Empower Wisconsin | July 1, 2020
By M.D. Kittle
MADISON — With apologies to Harry Truman, the buck never stops with Gov. Tony Evers.
The governor’s office says there’s no written record of anyone authorizing the May 14 secret recording of a meeting with Republican leadership. The meeting occurred the day after the Wisconsin Supreme Court’s ruling invalidating the Evers administration’s public health lockdown.
If the governor and his Nixonesque crew think Tapegate is going to quietly go away, they are rudely mistaken.
“The fact that no evidence of authorization to record the call exists just raises more questions,” Senate Majority Leader Scott Fitzgerald (R-Juneau) said in a statement Tuesday.
“Is the governor’s office harboring someone who committed a felony? It’s clear that the governor thinks he can hide from this and that it will just go away — that’s totally unacceptable,” the senator added.
Someone recorded the meeting between Evers, two top administration officials and Fitzgerald, Assembly Speaker Robin Vos (R-Burlington) and members of their staff. Team Evers just isn’t saying who.
The Milwaukee Journal Sentinel on Tuesday reported that the governor’s office released a brief letter in response to an open records request. In it Evers’ lawyers said there was no record of anyone authorizing the recording of the call.
In response to Empower Wisconsin’s open records request asking if the governor’s office had made more clandestine recordings of Republicans, Evers’ Office of Legal Counsel wrote that it had “no other responsive records.”
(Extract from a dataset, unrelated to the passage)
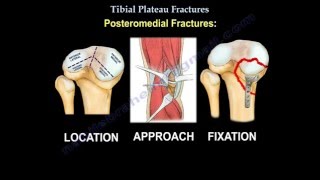 Tibial Plateau Fractures - Everything You Need To Know - Dr. Nabil Ebraheim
The way the administration has secretly operated, it cannot be assumed that there aren’t other secret recordings out there.
Evers’ attorneys also apologized for its delayed response.
“The attached letter was supposed to go out to you on June 19, 2020. On that date, we filled numerous public records requests regarding the May 14 call. Yours was supposed to be one of them. We apologize for the mistake,” Evers legal team wrote in an email.
Evers’ handlers have said the Democrat had no knowledge of the recording made without the Republican leaders’ knowledge. The recording was ultimately pushed out to mainstream media by someone inside the administration to try to embarrass Vos for comments he made during the meeting on immigrant populations and COVID-19 in his district. The plan backfired badly.
Under Wisconsin’s one-party consent law, any of the parties with knowledge of the call could have recorded it. The Republicans didn’t have to be told the conservation was recorded. That is, the secret recording was legal if Evers or his two top staff members knew about it. Sleazy, but legal.
A memo from the nonpartisan Legislative Reference Bureau, however, notes that “if another person in the governor’s office recorded the telephone call without the prior consent or authorization of the governor, Chief of Staff Gau, or Chief Legal Counsel Nilsestuen, then the person may well have violated Wis. Stat. § 968.31 (1) since the person was not a party to the communication.”
That’s a felony.
The governor and his team continue to play games. Perhaps there is no record of anyone authorizing the recording, but someone clearly recorded the call. Evers doesn’t want to name names because either somebody in his administration did something very sneaky or committed a crime — or both. Either way, Evers loses.